3.2.2. Control group
The control group was treated with routine care (Devi et al., 2016). For patients with grade 1 oral mucositis, this meant using a super‐soft toothbrush that had been soaked in warm water for 30 min before use. Teeth were brushed with fluoride toothpaste without granules. Patients were asked to gargle with a neutral mouthwash such as saline.
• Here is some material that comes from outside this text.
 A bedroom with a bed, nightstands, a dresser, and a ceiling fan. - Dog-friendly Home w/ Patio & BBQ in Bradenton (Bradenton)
For those with grade Ⅱ–Ⅲ mucositis, if there was no improvement in pain with the administration of medication, or bleeding for more than 2 min, patients were advised not to use a toothbrush. In such cases, oral irrigation was performed. In cases of grade 4 oral mucositis, before attempting to relieve symptoms, patients should be advised not to use a toothbrush or dental floss. Oral irrigation should be performed four times a day, and pain can be treated with the regular use of systemic painkillers. Nurses should teach patients neck care and urge them to practice functional exercises, such as opening their mouths, shrinking their cheeks and tapping their teeth with their tongue. When radiotherapy‐induced oral mucositis (RIOM) affects eating, nutritional support is given in five steps (Zhang Xin et al., 2019): education on food and drink + nutrition; nutrition education + ONS; total enteral nutrition (TEN); partial enteral nutrition (PEN) + partial parenteral nutrition (PPN); TPN. The attending clinician should move on to the next step in the protocol when 60% of the target energy requirement is not met for 3–5 days. The attending nurse should observe the patient's eating condition every day and record the degree of stomatitis and the nutrition index score every week until the end of radiotherapy.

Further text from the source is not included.